How is the embedding_size for the backbones calculated? #6

Closed SDJustus closed 3 years ago

SDJustus commented 3 years ago

Hi,

i am trying to implement efficientnetb5 from the paper in my fork and i am wondering, how u calculated the embedding_size for each backbone you implemented yet?

Best regards Justus

SDJustus commented 3 years ago

this is my implementation (did not fetch your latest backbone refactoring yet):

from typing import Tuple

from torch import Tensor
from torch.nn import Module
from efficientnet_pytorch import EfficientNet

class EfficientNetB5(Module):
    embeddings_size = 448
    num_patches = 32 * 32

    def __init__(self) -> None:
        super().__init__()
        self.efficientnetb5 = EfficientNet.from_pretrained('efficientnet-b5')

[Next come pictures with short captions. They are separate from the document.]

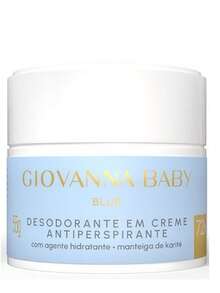 DESODORANTE EM CREME GIOVANNA BABY BLUE
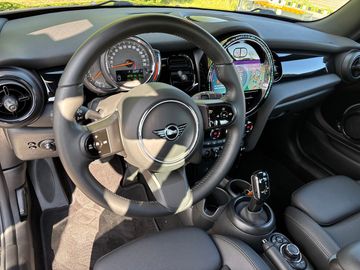 MINI Cooper DAB LED Navi Komfortzg. Tempomat Shz PDC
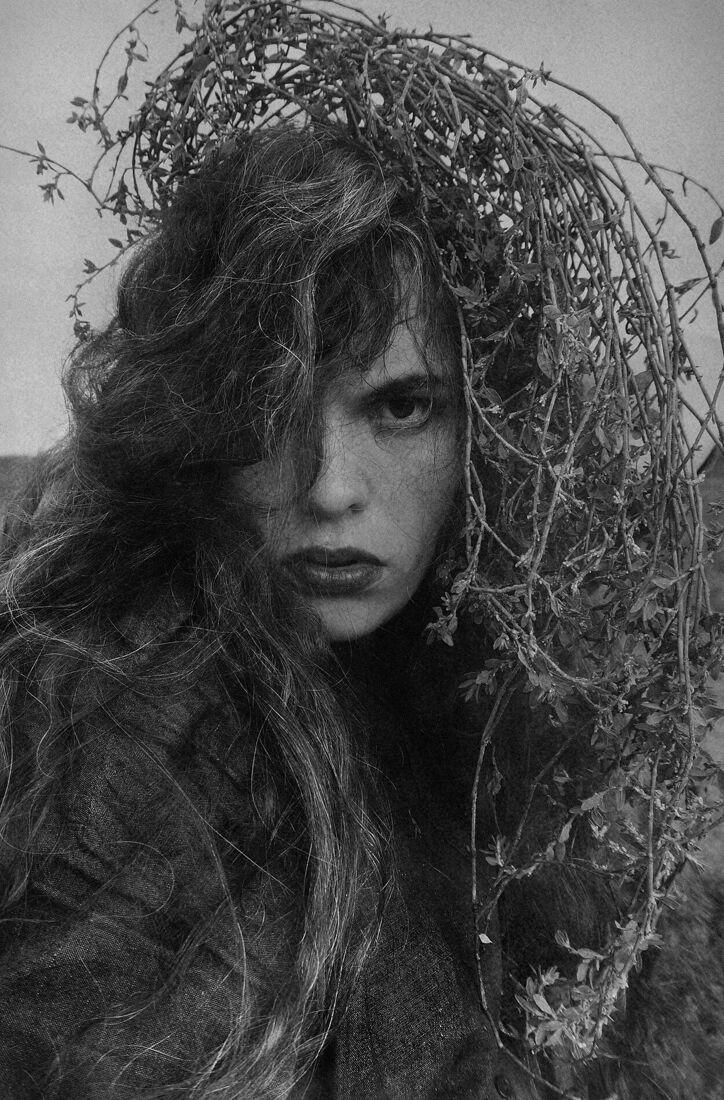 Berestova Katia. Process - photo. Untitled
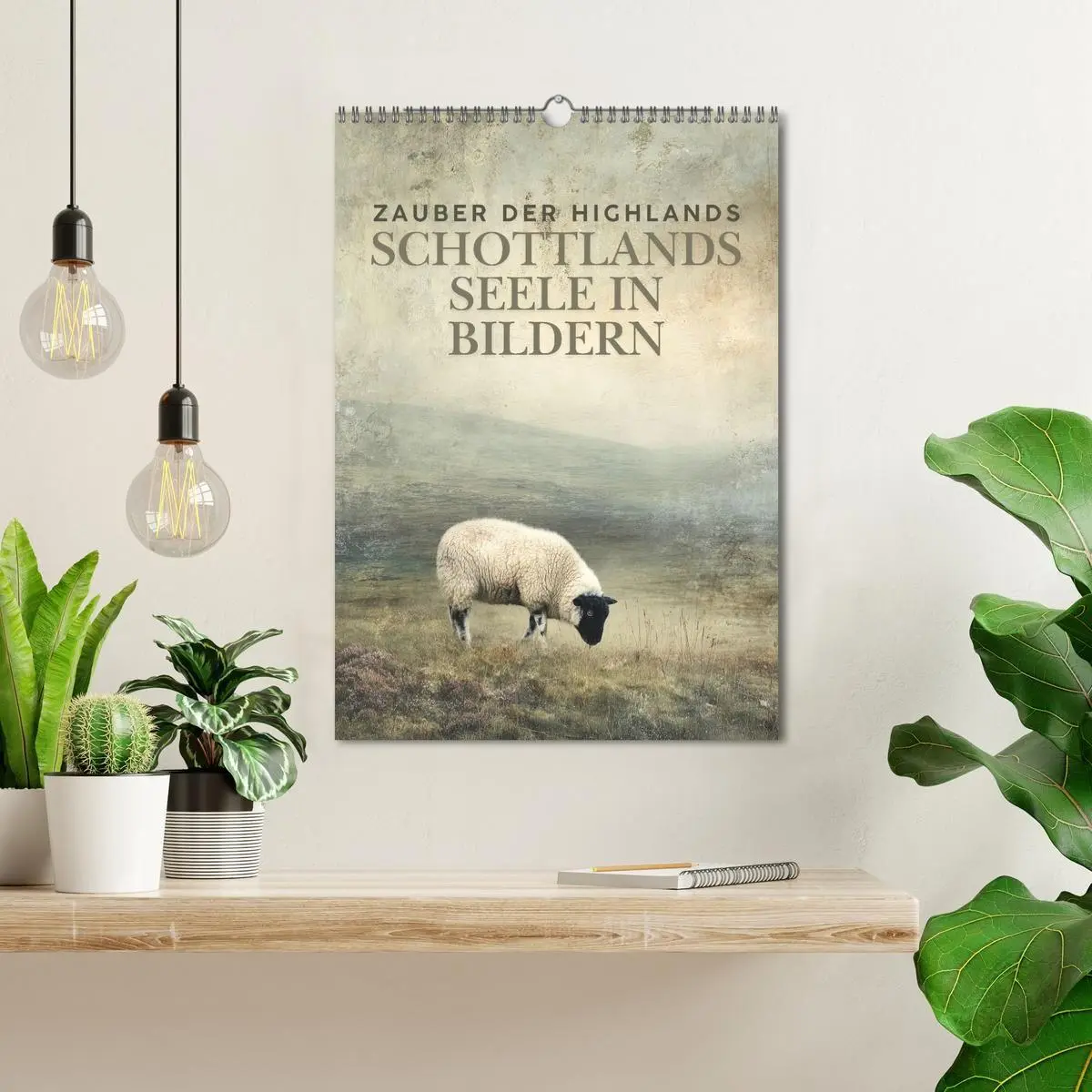 Bild: 9783516711073 | Zauber der Highlands - Schottlands Seele in Bildern (Wandkalender...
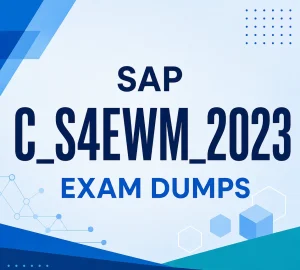 SAP C_S4EWM_2023 Exam Dumps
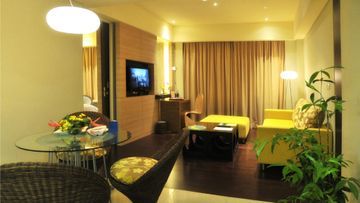 Hotel Novotel Golf & Convention Center Manado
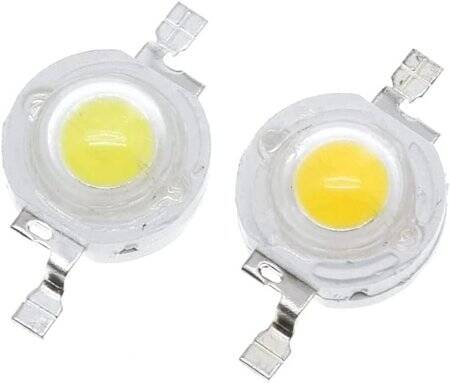 SMD 3W High Power LED Bulb Natural White - 1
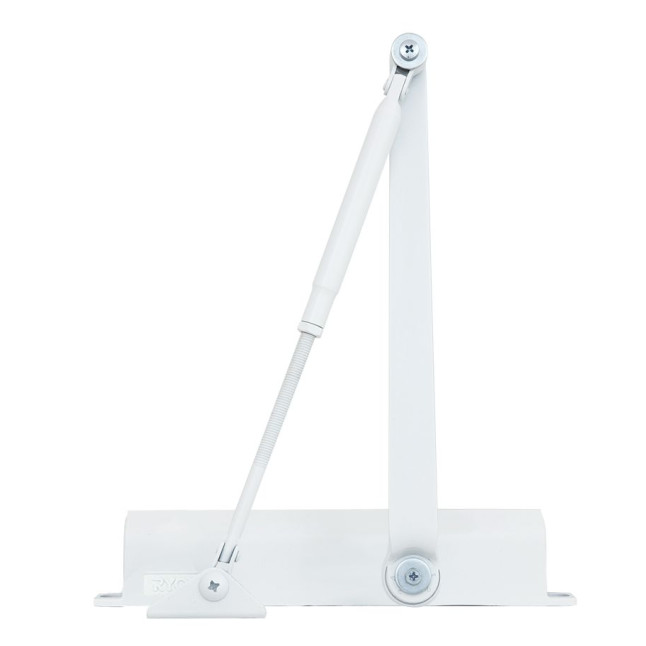 Дотягувач накладний RYOBI 2000 D-2005V GLOSSY_WHITE BC STD_ARM EN_3/4/5 до_100кг 1250мм FIRE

    def forward(self, x: Tensor) -> Tuple[Tensor, Tensor, Tensor]:
        """Return the three intermediary layers from the EfficientNetB5
        pre-trained model.
        Params
        ======
            x: Tensor - the input tensor of size (b * c * w * h)
        Returns
        =======
            feature_1: Tensor - the residual from layer 1
            feature_2: Tensor - the residual from layer 2
            feature_3: Tensor - the residual from layer 3
        """
        x = self.efficientnetb5._conv_stem(x)
        x = self.efficientnetb5._bn0(x)

        feature_not_using_1 = self.efficientnetb5._blocks[0](x)
        feature_1 = self.efficientnetb5._blocks[1](feature_not_using_1)
        feature_not_using_2 = self.efficientnetb5._blocks[2](feature_1)
        feature_2 = self.efficientnetb5._blocks[3](feature_not_using_2)
        feature_3 = self.efficientnetb5._blocks[4](feature_2)

        return feature_1, feature_2, feature_3

sadly, the embedding_size is wrong (copied from resnet-18)

Pangoraw commented 3 years ago

The embedding size is the sum of the channel depth of feature_1, feature_2 and feature_3.

l1 = feature_1.size(1)
l2 = feature_2.size(1)
l3 = feature_3.size(1)
num_embeddings = l1 + l2 + l3
SDJustus commented 3 years ago

sorry for the late response. Closing this issue. Thank your very much for answering!